Corporate tax legislation now moving through Congress would make U.S. companies more competitive in the global marketplace, says Michael Baroody, executive vice president of the National Association of Manufacturers.

The pending legislation, which would repeal current export-tax breaks, moves the United States closer to complying with World Trade Organization (WTO) obligations and ending punitive sanctions by the European Union (EU) on a number of U.S. manufactured goods.

But EU sanctions are only part of the problem, says Baroody.
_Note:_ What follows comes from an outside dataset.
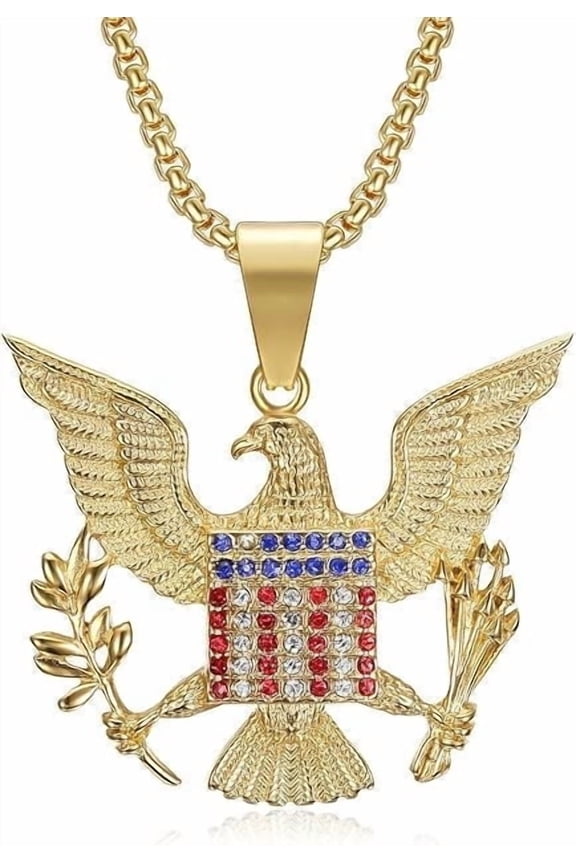 18K Gold Plated American Flag Pendant Punk Rock Stainless Steel Necklace for Men Women, 24 Inch Chain Bald Eagle USA Jewelry Gift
U.S. corporate-income-tax rates are much higher than those in other countries, putting it at a distinct disadvantage in global competition:

  • Currently, U.S. corporations pay combined federal and state income taxes at an average rate of 40 percent.
  • This is significantly higher than rates averaging about 30 percent for the 30-nation Organization for Economic Cooperation and Development, the European Union and Asia-Pacific countries.
  • For manufacturers alone, the U.S. corporate-tax burden reduces cost competitiveness by 5.6 percent, according to a recent study by the Manufacturers Alliance/MAPI and the National Association of Manufacturers.

The tax relief moving through Congress includes an extension of the research-and-development tax credit, a number of international tax reforms, a temporary incentive to invest foreign profits in the United States, reduced taxes on domestic-manufacturing income and enhanced investment incentives for small businesses.